Understanding the Bitcoin Indexer pipeline: how blocks flow from Bitcoin Core RPC into PostgreSQL.
Bitcoin Indexer is built around a single principle: avoid row-by-row processing at every layer. Blocks are fetched concurrently, parsed in memory, and written to PostgreSQL in batch COPY operations. Nothing touches the database one row at a time.
The system has three main stages: Fetch, Parse, and Write.
┌────────────────────────────────────────────────────────────────────┐
│ Bitcoin Indexer │
│ │
│ ┌─────────────────┐ ┌──────────────────────────────────┐ │
│ │ Bitcoin Core │ │ Pipeline Workers │ │
│ │ │ │ │ │
│ │ getblockhash │──RPC──▶│ ┌─────────────┐ ┌───────────┐ │ │
│ │ getblock (v2) │ │ │ Worker 1 │ │ Worker 2 │ │ │
│ │ getblockchain │ │ │ fetch+parse│ │fetch+parse│ │ │
│ │ info │ │ └──────┬──────┘ └─────┬─────┘ │ │
│ └─────────────────┘ │ └───────┬───────┘ │ │
│ │ ▼ │ │
│ │ ┌─────────────────┐ │ │
│ │ │ Batch Writer │ │ │
│ │ │ (pgx COPY ops) │ │ │
│ └──────┴────────┬────────┴────────┘ │
│ │ │
│ ┌───────────────────────────────▼──────────────────┐ │
│ │ PostgreSQL 16 │ │
│ │ │ │
│ │ blocks transactions │ │
│ │ tx_inputs tx_outputs │ │
│ │ address_transactions │ │
│ │ utxo_set address_balances │ │
│ └──────────────────────┬───────────────────────────┘ │
│ │ │
│ ┌──────────────────────┤ │
│ │ │ │
│ ┌──────────▼──────────┐ ┌────────▼───────────────┐ │
│ │ HTTP API │ │ Apache AGE │ │
│ │ Address queries │ │ Graph traversal │ │
│ │ TX lookups │ │ Transaction tracing │ │
│ │ UTXO queries │ │ Cluster analysis │ │
│ └─────────────────────┘ └────────────────────────┘ │
└────────────────────────────────────────────────────────────────────┘
graph TD
A[getblockchaininfo] --> B[Compute safe_tip]
B --> C[Build batch range start→end]
C --> D[Dispatch to Workers]
D --> E[Worker: getblockhash]
E --> F[Worker: getblock verbosity=2]
F --> G[Parse block into models]
G --> H[Collect batch results]
H --> I[PostgreSQL COPY batch write]
I --> J{More blocks?}
J -- Yes --> C
J -- No --> K[Wait for new blocks]
Each worker independently fetches a block using two sequential RPC calls:
getblockhash(height) → returns the block hash for a given heightgetblock(hash, verbosity=2) → returns full block with decoded transactionsWorkers run concurrently.
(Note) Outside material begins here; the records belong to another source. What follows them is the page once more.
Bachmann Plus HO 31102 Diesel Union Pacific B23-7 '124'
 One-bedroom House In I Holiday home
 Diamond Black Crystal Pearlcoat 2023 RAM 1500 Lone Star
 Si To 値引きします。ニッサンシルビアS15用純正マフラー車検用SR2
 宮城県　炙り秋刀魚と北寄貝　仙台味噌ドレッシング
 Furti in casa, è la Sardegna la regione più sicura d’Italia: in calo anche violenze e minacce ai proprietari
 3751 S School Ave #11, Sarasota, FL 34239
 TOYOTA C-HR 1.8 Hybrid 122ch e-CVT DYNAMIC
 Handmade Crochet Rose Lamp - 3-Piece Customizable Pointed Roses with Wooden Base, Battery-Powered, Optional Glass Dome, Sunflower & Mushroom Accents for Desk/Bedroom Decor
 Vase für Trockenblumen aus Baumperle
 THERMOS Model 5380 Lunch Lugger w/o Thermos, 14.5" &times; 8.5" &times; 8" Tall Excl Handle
The batch does not advance until all workers in the batch finish — the wall time equals the slowest worker.
Batch [141035, 141036]
Worker 1: getblockhash(141035) → getblock(...) → done in 45ms
Worker 2: getblockhash(141036) → getblock(...) → done in 671ms
Batch wall time = 671ms ← slowest worker
During Bitcoin Core IBD, getblockhash is the most frequent bottleneck. It can spike to 3–10 seconds while Bitcoin Core is busy with LevelDB compaction or block validation. getblock itself is almost always fast once the hash is known.
The parser converts raw Bitcoin Core JSON into Go structs and then into database rows:
Raw JSON block
│
├── Block header → blocks row
├── Transactions → transactions rows
│ ├── Inputs → tx_inputs rows
│ └── Outputs → tx_outputs rows
│ └── Addresses → address_transactions rows
│ → utxo_set rows
└── Balance deltas → address_balances rows
Parse time is typically microseconds to low milliseconds even for blocks with thousands of transactions. If you see parse=2s in logs, investigate Go CPU usage and JSON decode overhead.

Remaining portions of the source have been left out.